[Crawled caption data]
◆ ◆ ◆
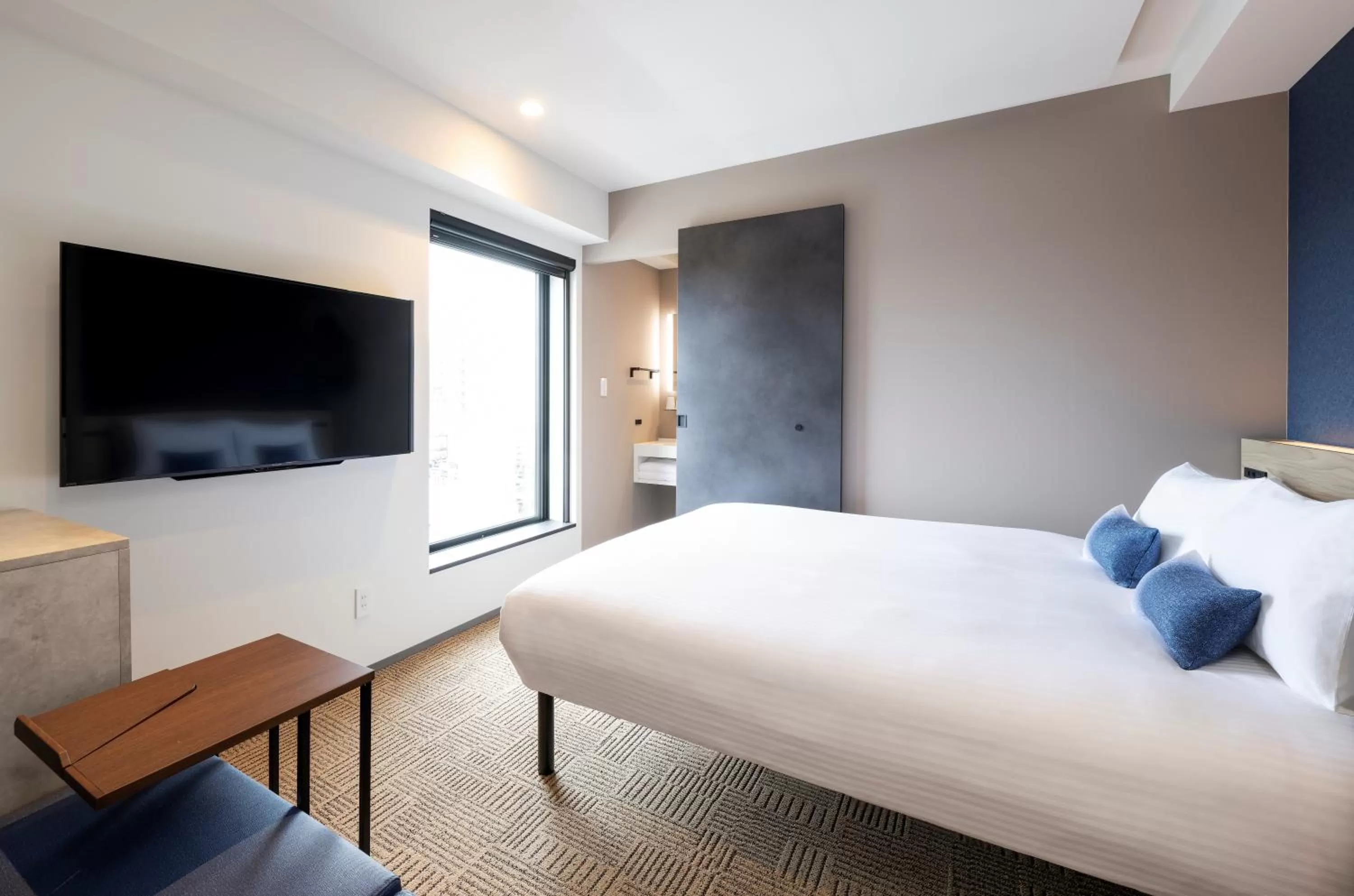 Photo of the whole room, Bed in HOTEL AMANEK Shinjuku Kabukicho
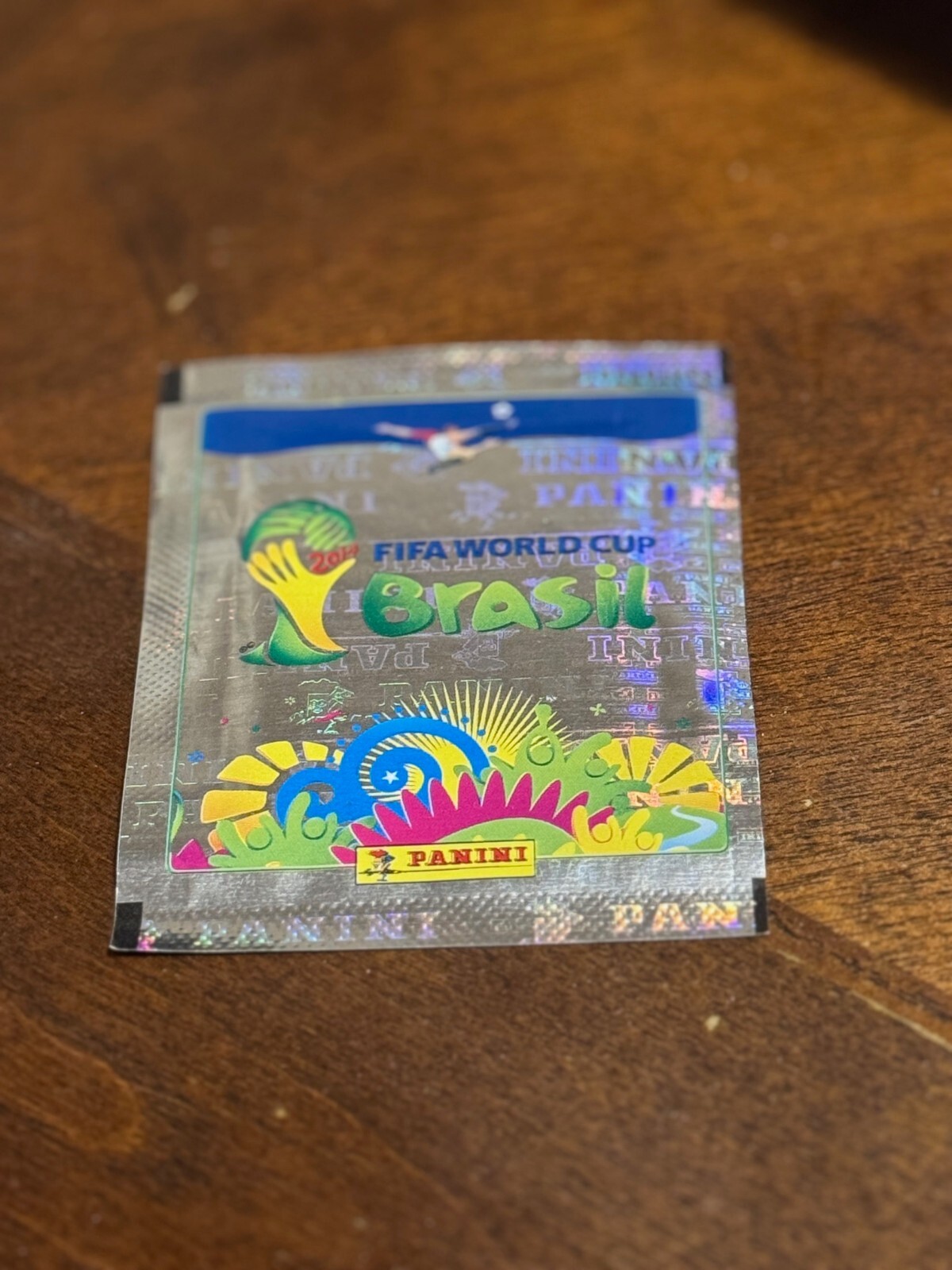 (1) Sealed Pack (5 Stickers) 2014 Brazil Brasil Panini World Cup Cristiano Messi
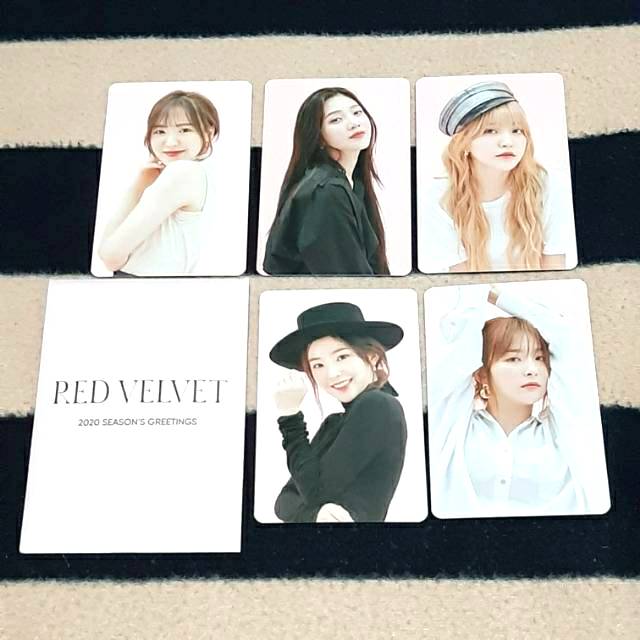 RED VELVET Season's Greeting Benefit Photocard - Withdrama (Seasons Greetings 2020 SG PC Seulgi joy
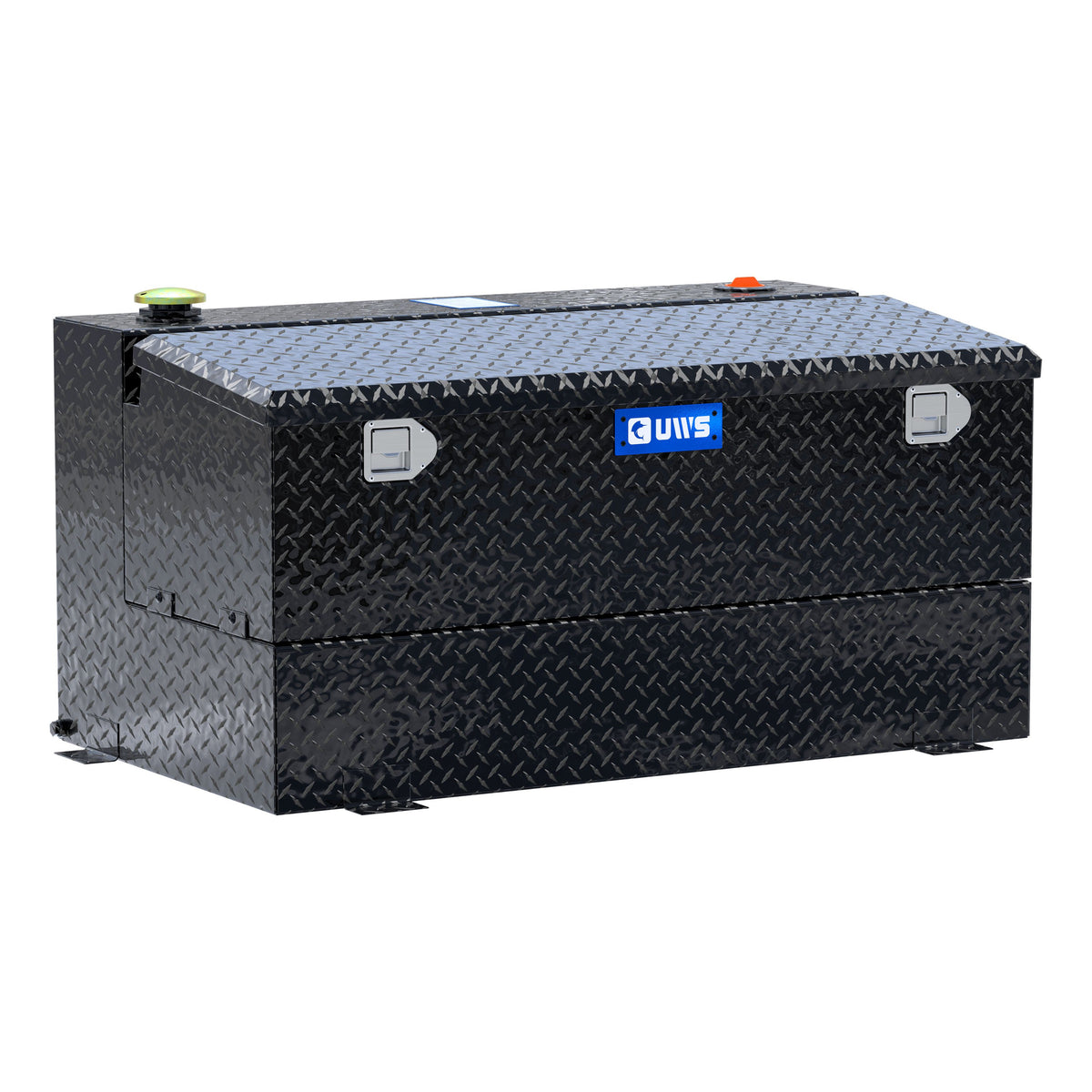 UWS TT-75-COMBO-BLK Gloss Black 75-Gallon Combo Aluminum Transfer Tank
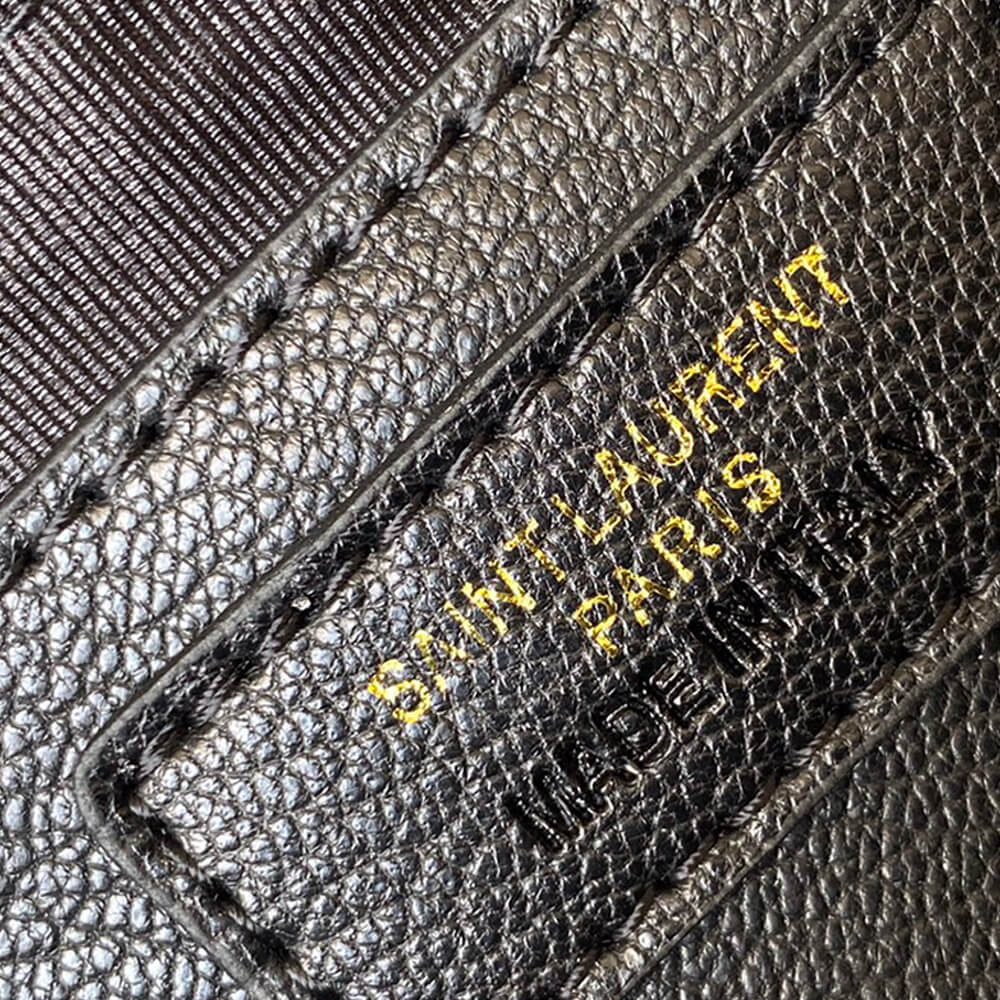 YSL Saint Laurent College quilted-leather satchel bag
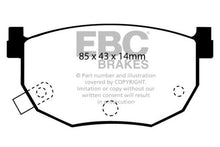 Load image into Gallery viewer, EBC 99-01 Hyundai Elantra 2.0 Greenstuff Rear Brake Pads Brake Pads - Performance EBC   
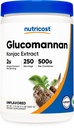 Nutricost Γλυκομαννάνη σκόνη 500 γραμμάρια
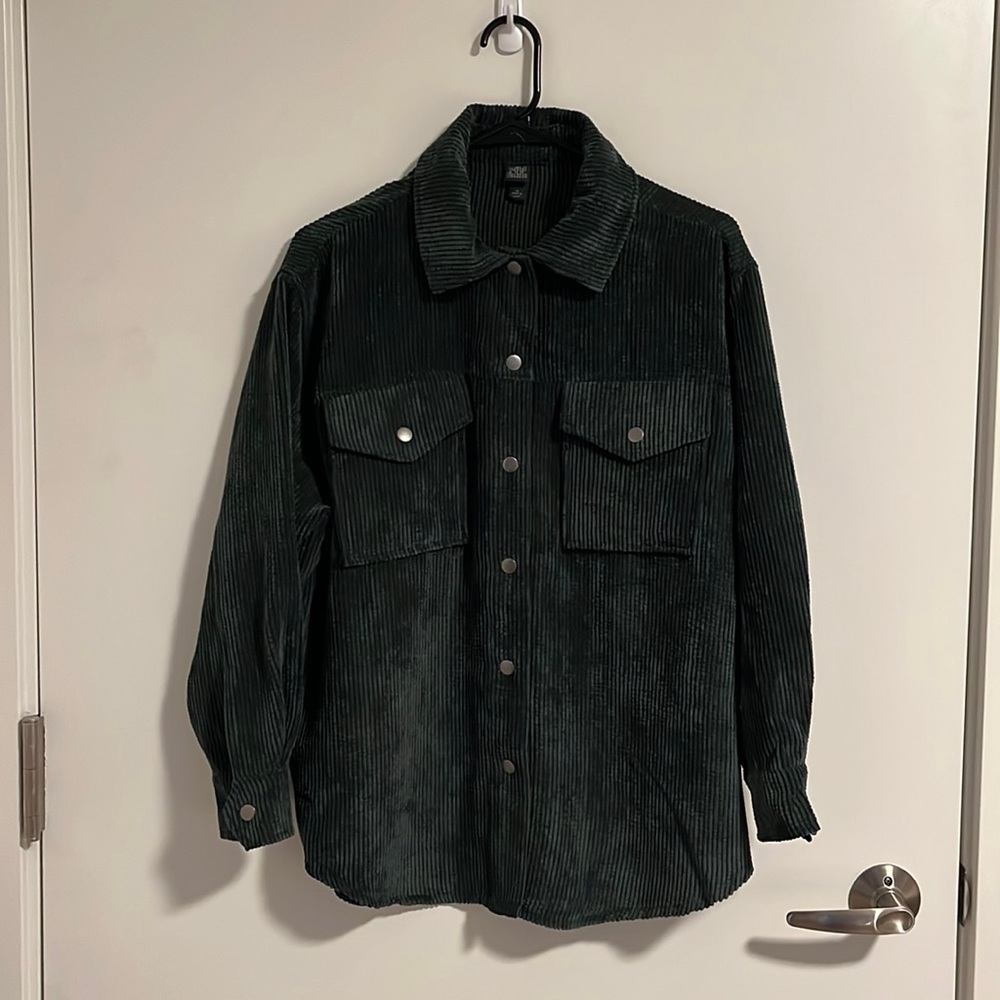 Wild Fable Forest Green Button Up Shacket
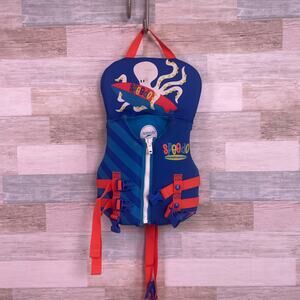 Speedo Infant Personal Flotation Device Life Vest Blue 30lbs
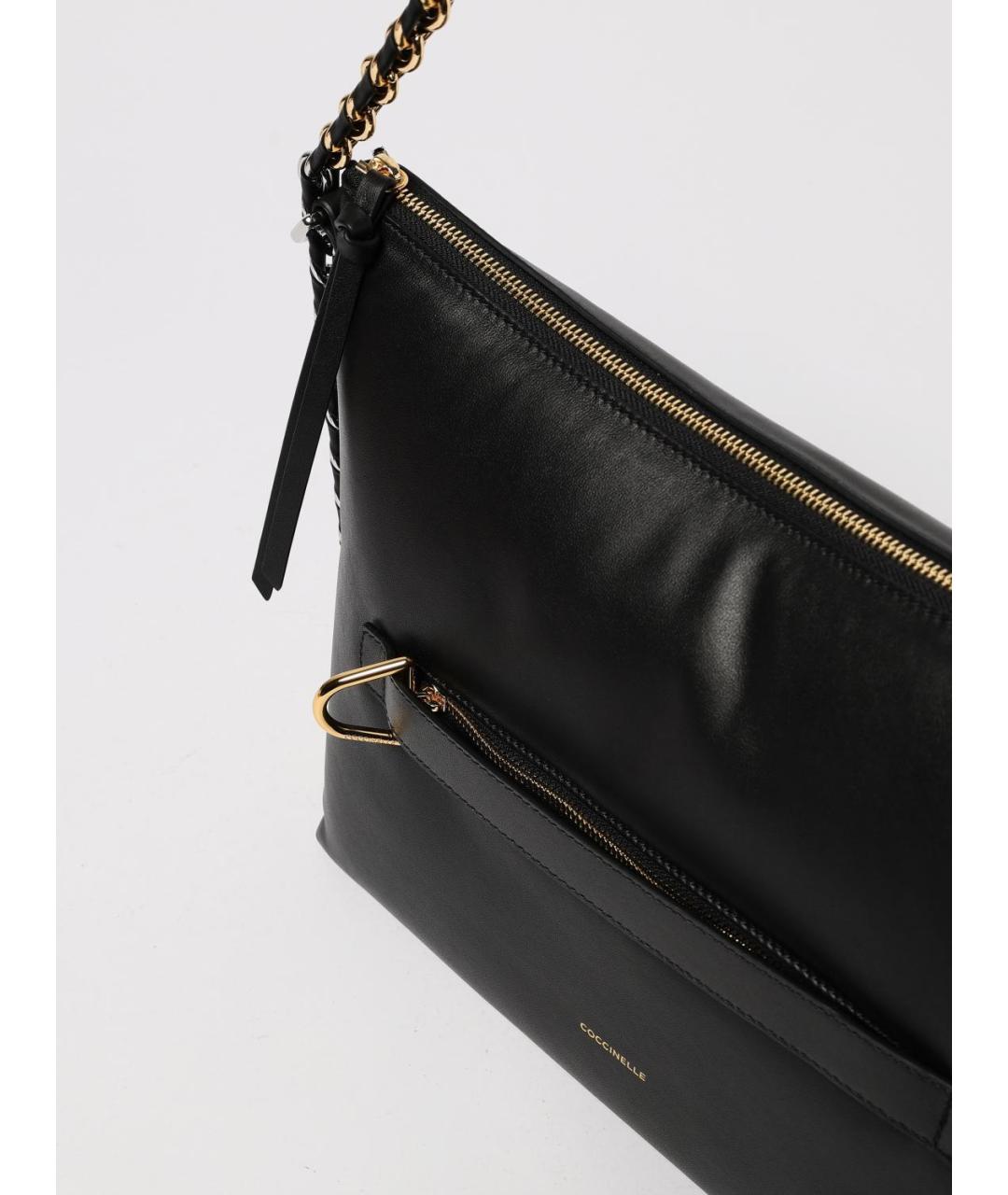 COCCINELLE Черная кожаная сумка через плечо, фото 3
◆ ◆ ◆
**Exercise brief**
What is needed is an exact copy of all the records, minus any pictures.

**Response to the task**
 Photo of the whole room, Bed in HOTEL AMANEK Shinjuku Kabukicho
 (1) Sealed Pack (5 Stickers) 2014 Brazil Brasil Panini World Cup Cristiano Messi
 RED VELVET Season's Greeting Benefit Photocard - Withdrama (Seasons Greetings 2020 SG PC Seulgi joy
 UWS TT-75-COMBO-BLK Gloss Black 75-Gallon Combo Aluminum Transfer Tank
 YSL Saint Laurent College quilted-leather satchel bag
 Load image into Gallery viewer, EBC 99-01 Hyundai Elantra 2.0 Greenstuff Rear Brake Pads Brake Pads - Performance EBC   
 Nutricost Γλυκομαννάνη σκόνη 500 γραμμάρια
 Wild Fable Forest Green Button Up Shacket
 Speedo Infant Personal Flotation Device Life Vest Blue 30lbs
 COCCINELLE Черная кожаная сумка через плечо, фото 3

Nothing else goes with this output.